In this short overview video (3’30”) Simon outlines four ‘contractual’ arrangements all faculty should establish at the outset of their course or module with respect to feedback for learning.
1) ensuring that students know WHERE feedback is coming from
2) WHEN to expect feedback
3) WHAT you mean by feedback
4) WHAT to DO with the feedback when it’s received.
- Feedback is undoubtedly expected from the tutor or instructor but there are numerous feedback channels available to students if only they are conscious of them. These include feedback from their peers but most important from self-assessment and learning activities designed in class.
- Knowing where feedback is coming from as part of the learning process relieves the pressure on the tutor and in effect makes feedback a constant ‘loop’, knowing what to look out for and possibly having students document the feedback they receive supports their metacognitive development.

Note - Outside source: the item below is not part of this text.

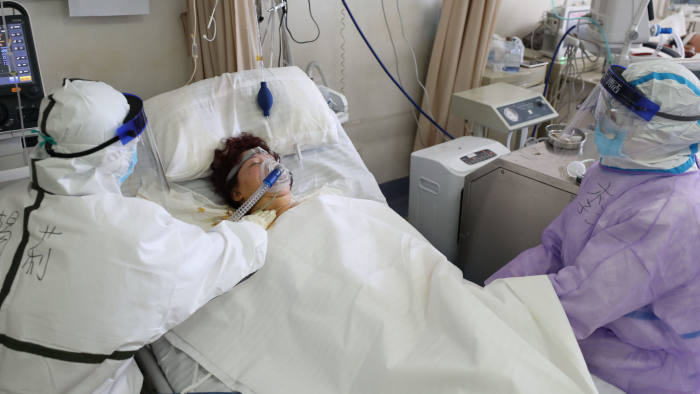 Rriten rastet me Covid në 24 orë në Itali, humbin jetën 10 persona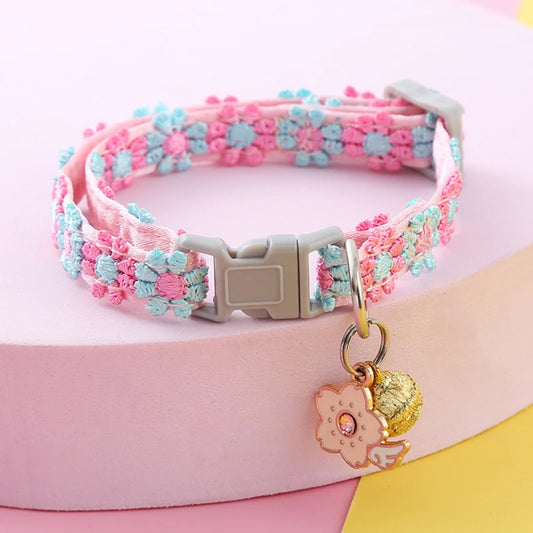 Collar para mascotas con campana, huella de dibujos animados, colorido perro, cachorro, gatito, Collar de anillo de campana de seguridad ajustable, accesorios para mascotas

- Being clear with students as to what you regard as feedback is an effective way of ensuring that students take ownership of their own learning. My own personal definition is extremely broad, from the feedback one receives in terms of follow-up comments for anything shared in an online environment to the nods and vocal agreement shared in class to things you say. These are all feedback. Knowing that also encourages participation!
- Suggesting to students what they do with feedback will depend a little bit on the nature of the course and the formal assessment processes. Students naturally enough don’t do things for the sake of it so it has to be of discernable benefit to them. If there is some form of portfolio based coursework assessment you could ask for an annotated ‘diary’ on feedback received through the course. If its a course with strong professional interpersonal outcomes (like nursing or teaching for example) you might ask students to identify their favourite and least favourite piece of feedback they experienced during the course, with a commentary on how it affected their subsequent actions.
What’s important is to recognise that there are social conventions around feedback in a formal education setting, normally associated with red marks on a written script! It is important to redefine feedback for university and professional learners.